Becker & Poliakoff

“New Law Requires Dissemination of Documents” – News-Press

“New Law Requires Dissemination of Documents” – News-Press

Q: I recently bought a house and became a new member of a homeowners’ association. The association did not give me or my realtor a copy of the association’s rules and covenants before my purchase. Can you explain the new law on this that I was told recently passed? (J.D., via e‑mail)

A: Amendments to Section 720.303 of the Florida Homeowners’ Association Act, which take effect on July 1, 2024, require homeowners’ associations to provide physical or digital copy of the association’s rules and covenants to every member between July 1, 2024, and September 30, 2024. Starting July 1, 2024, a physical or digital copy of these rules and covenants must also be given to every new member. Additionally, whenever the association’s rules or covenants are amended, an updated copy must be provided to all members. The amendment does not address prospective purchasers.

If the association has a website, the new law allows the association to post a complete copy of the rules and covenants, or a direct link to them, on the homepage. However, this is only permitted if the website is accessible to members and the association sends notice of its intent to follow this approach. The notice must be sent by mail to the address listed in the association’s official records or by e-mail if members have consented to receive notices electronically and their e-mail addresses are on file.

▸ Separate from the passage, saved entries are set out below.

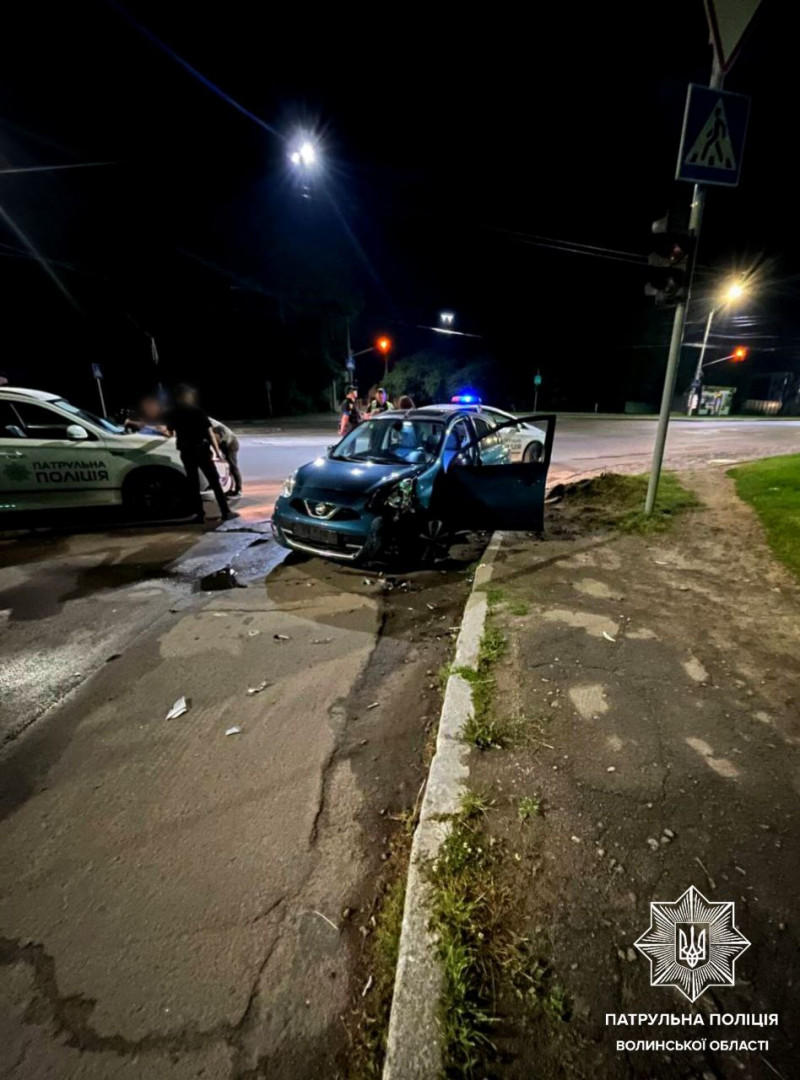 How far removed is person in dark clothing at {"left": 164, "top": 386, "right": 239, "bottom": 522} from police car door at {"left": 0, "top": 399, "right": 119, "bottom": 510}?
1.08 meters

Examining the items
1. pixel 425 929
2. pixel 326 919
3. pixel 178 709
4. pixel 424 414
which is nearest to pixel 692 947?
pixel 425 929

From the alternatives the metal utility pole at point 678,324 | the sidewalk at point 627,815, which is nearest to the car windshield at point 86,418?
the sidewalk at point 627,815

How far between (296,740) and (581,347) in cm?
5358

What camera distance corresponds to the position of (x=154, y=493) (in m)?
7.25

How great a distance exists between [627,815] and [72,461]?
7.69m

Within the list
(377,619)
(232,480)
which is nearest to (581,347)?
(232,480)

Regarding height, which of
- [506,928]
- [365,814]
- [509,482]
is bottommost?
[365,814]

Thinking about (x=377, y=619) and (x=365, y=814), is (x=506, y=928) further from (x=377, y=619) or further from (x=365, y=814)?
→ (x=377, y=619)

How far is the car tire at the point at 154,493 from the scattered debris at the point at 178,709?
16.1 ft

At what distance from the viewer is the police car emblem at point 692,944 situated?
Answer: 1.61 m

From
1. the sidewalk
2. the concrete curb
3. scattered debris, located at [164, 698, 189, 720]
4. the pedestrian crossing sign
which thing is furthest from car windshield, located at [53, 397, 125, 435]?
the pedestrian crossing sign

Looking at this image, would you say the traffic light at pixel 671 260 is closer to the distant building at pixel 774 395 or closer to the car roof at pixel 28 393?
the car roof at pixel 28 393

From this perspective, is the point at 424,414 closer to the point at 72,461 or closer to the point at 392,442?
the point at 392,442

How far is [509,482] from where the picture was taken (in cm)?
538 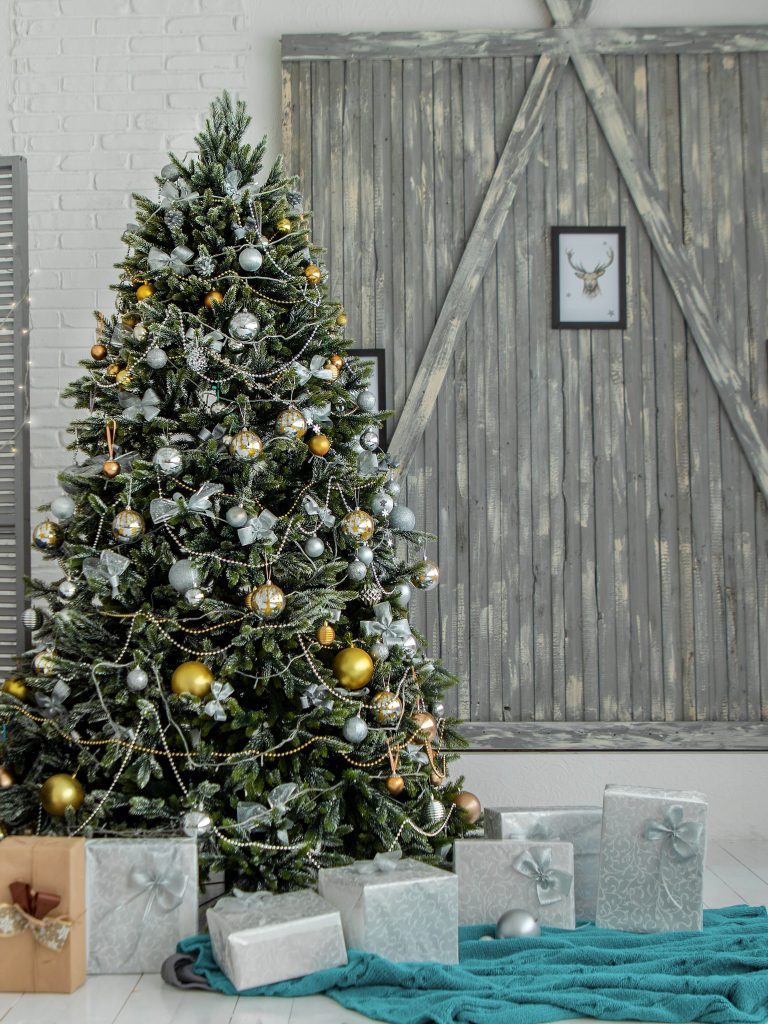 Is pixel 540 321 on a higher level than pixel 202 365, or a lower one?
higher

Q: Can you explain the recent law changes we heard about regarding debit cards. Our HOA had a debit card we used very little, but are told that having it is now illegal. Is that correct? (P.M., via e-mail)

A: Yes. On May 31, 2024, Governor DeSantis signed a bill into law amending Section 720.303 of the Florida Homeowners’ Association Act to prohibit homeowners’ association, including their officers, directors, employees, and agents, from using a debit card issued in the association’s name or billed directly to the association for paying any association expenses. This prohibition is like the 2017 amendments to Section 718.111 of the Florida Condominium Act, which imposed similar restrictions on condominium associations and their representatives.

The new amendment also clarifies that using a debit card issued in the homeowners’ association’s name or billed directly to the association for any expense that is not a “lawful association obligation” is considered theft under Section 812.014, Florida Statutes. A “lawful association obligation” is defined in the amendment as an expense that has been properly preapproved by the board and is documented in the meeting minutes or the written budget.

Q: Recently, several owners of our condominium association made modifications to their townhouses, seemingly without association approval. For decades, garage doors have matched the house color, but these owners painted them a different color, along with the front doors, which traditionally matched the house color as well. What can owners do to address this?  (R.H., via e‑mail)

A: Based on well-established case decisions spanning over 50 years, and assuming the garage doors are part of the common elements as described in your declaration of condominium, the color change is a “material alteration” of the common elements. Material alterations are those that “palpably or perceptively varies or changes the form, shape, elements, or specifications of a building from its original design or plan, or existing condition, in such a manner as to appreciably affect or influence its functions, use, or appearance.”

Unless otherwise provided in your declaration of condominium, 75% of all voting interests (there is usually one voting interest per unit) must approve such a change in advance. Most declarations of condominium do “otherwise provide” and contain some guidance on material alterations.

Most material alteration clauses distinguish between changes made by the association and those made by unit owners. The proper body to approve such changes (the board or the unit owners) may be different depending on who is making the change. If your community has a “master association,” it may also have a say in the matter.

I would suggest you express your concerns to your board of directors and ask them to obtain a legal opinion in the matter if they have not already done so.